Part of The 100 Greatest Movies I’ve Ever Seen list
Harakiri aka 切腹 or Seppuku
dir. Masaki Kobayashi scr. Shinobu Hashimoto cin. Yoshio Miyajima with Tatsuya Nakadai, Shima Iwashita, Akira Ishihama, Yoshio Inaba
In 100 words: From the stately camera movements, to the glorious use of space, to its suitably eerie soundtrack, to its perfect editing, and ultimately its rigorous performers, Harakiri stands well above its genre’s other mainstays, in terms of its sheer technical proficiency and its damning sociopolitical context. Kobayashi’s highly involving story, from its austere beginnings, to its epic finish, condemns Japanese obsession with bushido and the code of honor. It then throws bushido’s hypocrisy to its face and upends the notional belief that the life of a samurai is honorable.
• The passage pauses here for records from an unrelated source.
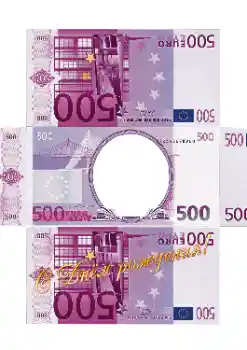Fotoeffekt aus der Kategorie Etiketten № 142384. Beschriftung auf dem Rahmen: Alles Gute zum Geburtstag! Fotoeffekt aus der Kategorie Etiketten № 142384. Beschriftung auf dem Rahmen: Alles Gute zum Geburtstag!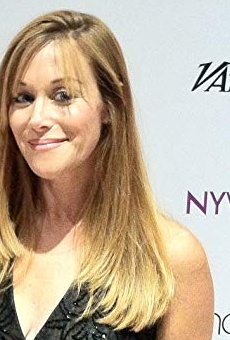 Películas de Carrie Drazek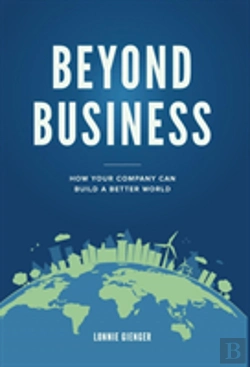 Bertrand.pt - Beyond Business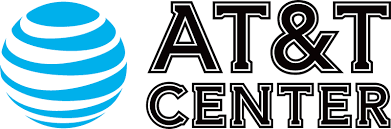 181a3120 7545 480f bda8 00bb8a4b2afd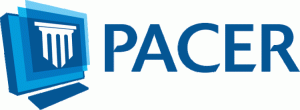 Challenge To PACER Fees Survives Motion To Dismiss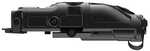 Steiner ATLAS Weapon Mounted Laser Fits Picatinny Green and IR Laser IR LED Illuminator Black 9061-BLK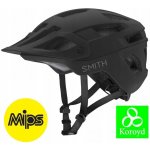Smith Engage 2 Mips Matt Black 2025 – Hledejceny.cz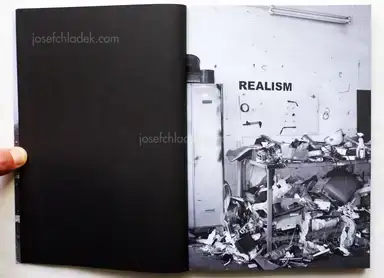 Sample page 18 for book "Solzi, Attilio – Attilio Solzi - Taedium" Sample page 18 for book "Solzi, Attilio – Attilio Solzi - Taedium"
Hard to deny it its rightful place as among the finest films ever.
Other Movies for Context: I love love love this movie. Kobayashi’s movie is the best samurai film I’ve ever seen, and that includes the Kurosawa samurai movies, like Seven Samurai (1954) which suffers from its laborious attempt to put together a team (highly overrated I think), Throne of Blood (1957), which is maybe Kurosawa’s best samurai movie since it’s an adaptation of Macbeth, and Kagemusha (1980), which is more pretty than actually interesting. Takashi Miike remade this movie in 2011 in 3-D.